Everything from the line holding "Limpiador Ultrasónico de" to the end of the listing below should be copied exactly, line for line, minus the pictures.

PROVIDED DATA START

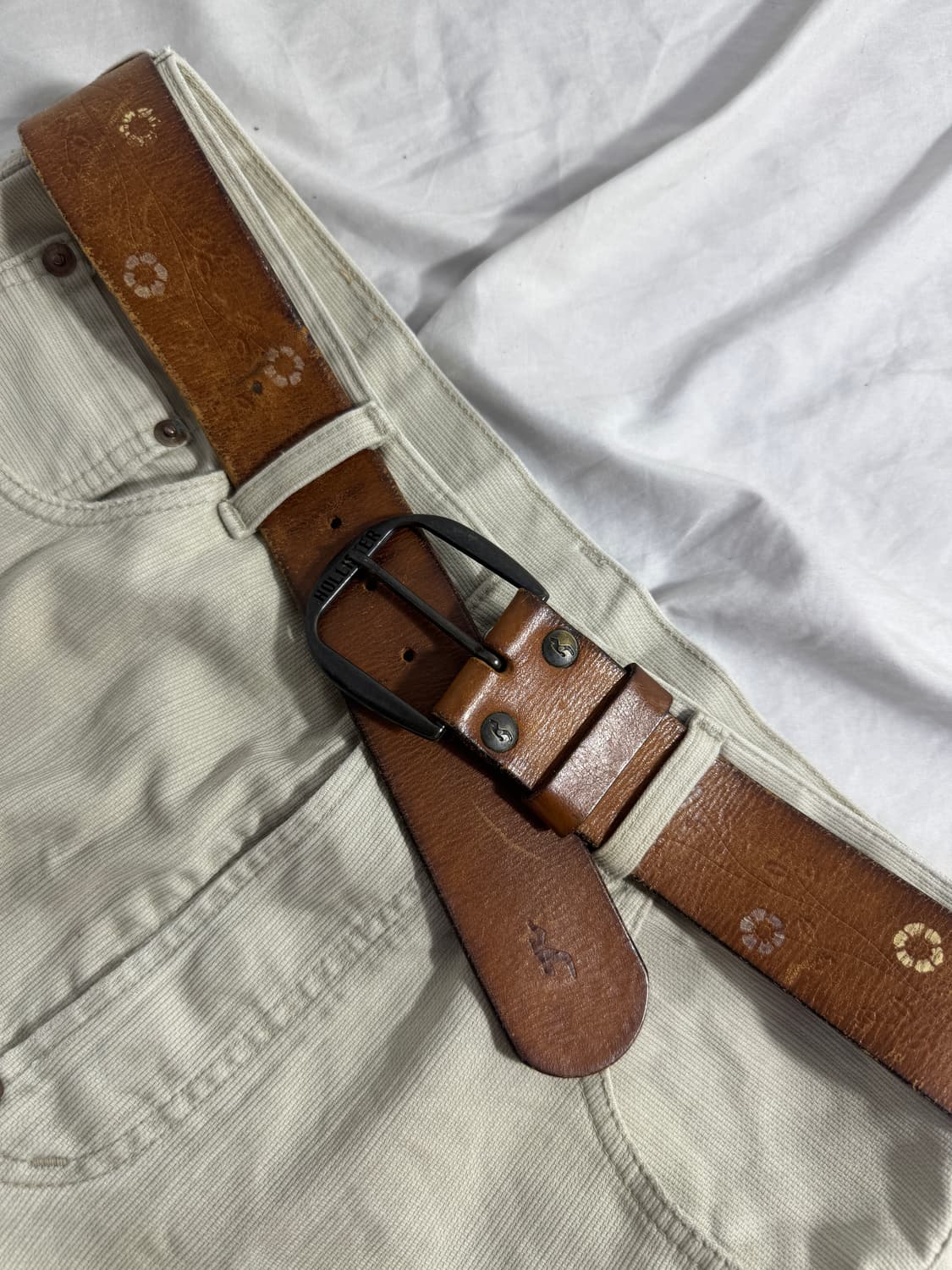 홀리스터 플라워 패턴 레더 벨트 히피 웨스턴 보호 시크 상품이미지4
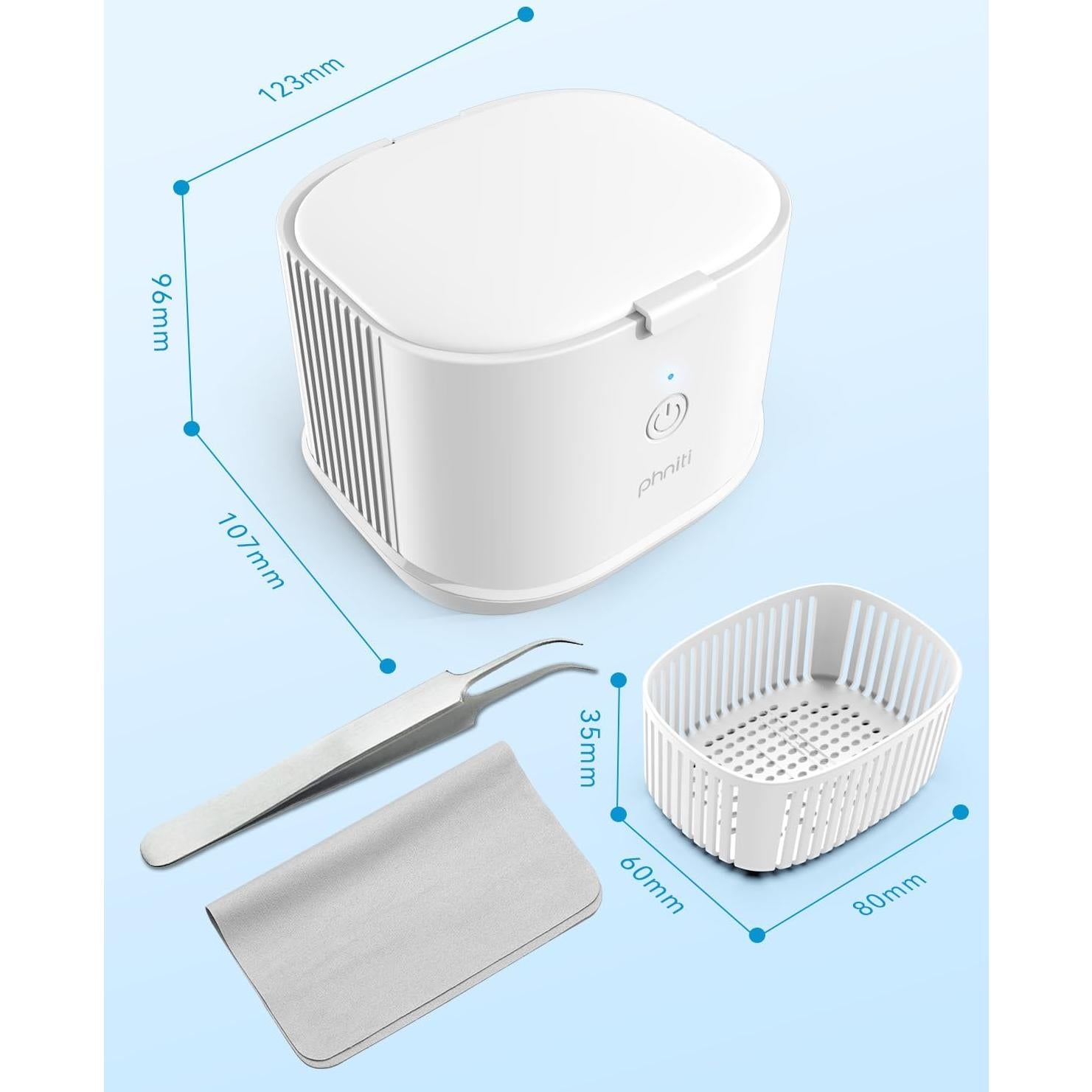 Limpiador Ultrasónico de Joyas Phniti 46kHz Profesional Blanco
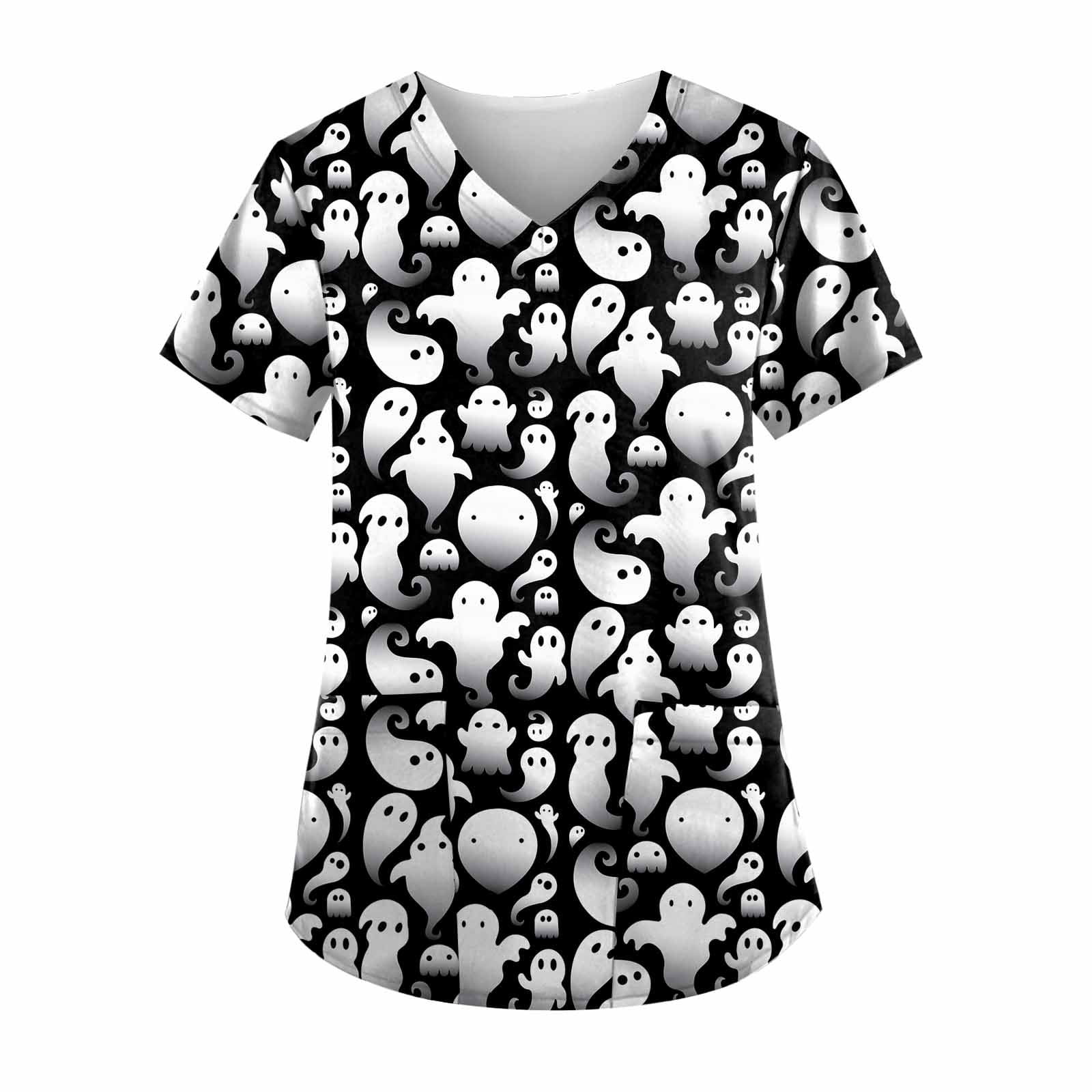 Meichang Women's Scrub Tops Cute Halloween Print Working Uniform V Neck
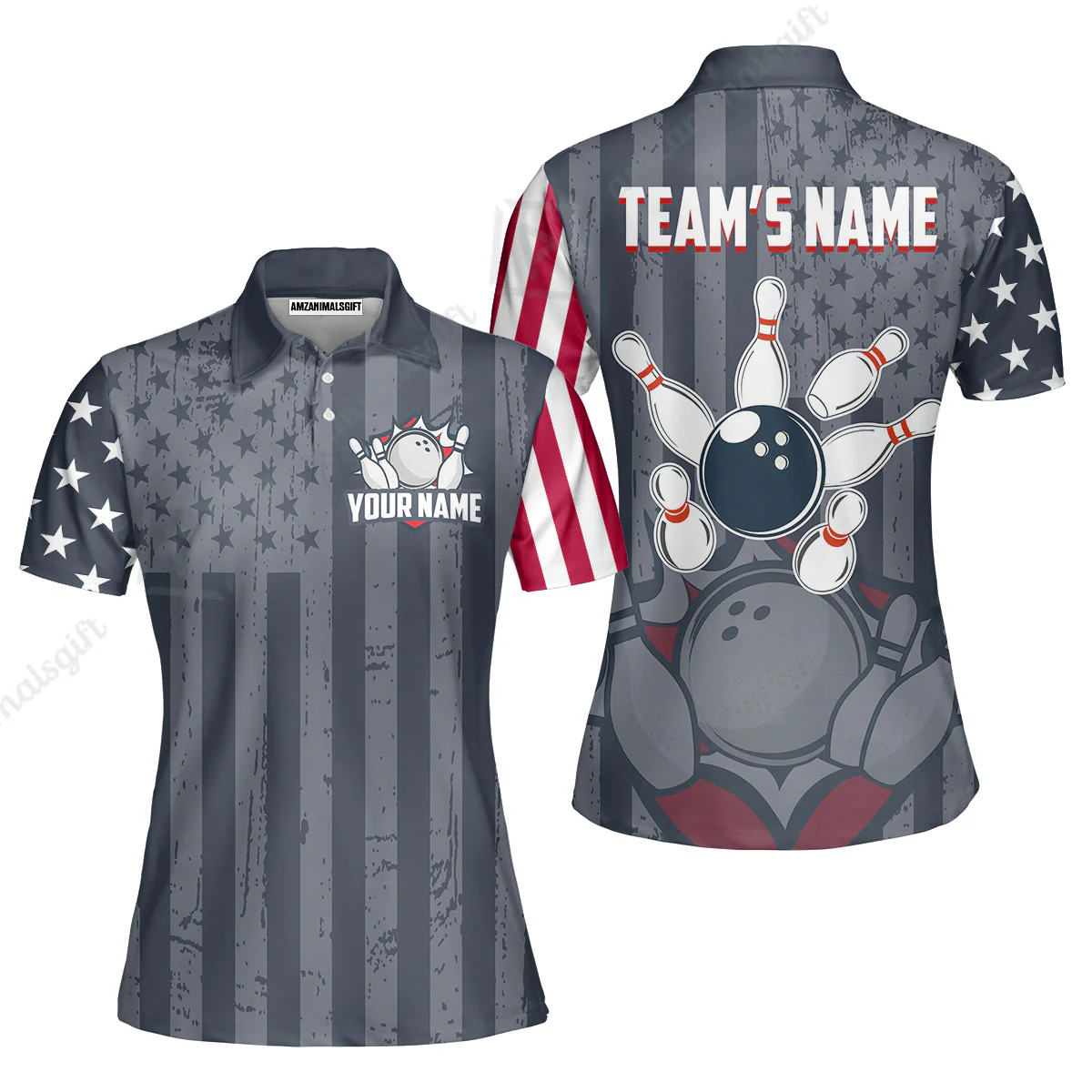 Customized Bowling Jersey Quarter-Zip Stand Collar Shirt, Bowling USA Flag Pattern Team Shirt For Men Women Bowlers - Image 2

PROVIDED DATA END

OUTPUT OF THE EXERCISE =
 Limpiador Ultrasónico de Joyas Phniti 46kHz Profesional Blanco
 Meichang Women's Scrub Tops Cute Halloween Print Working Uniform V Neck
 Customized Bowling Jersey Quarter-Zip Stand Collar Shirt, Bowling USA Flag Pattern Team Shirt For Men Women Bowlers - Image 2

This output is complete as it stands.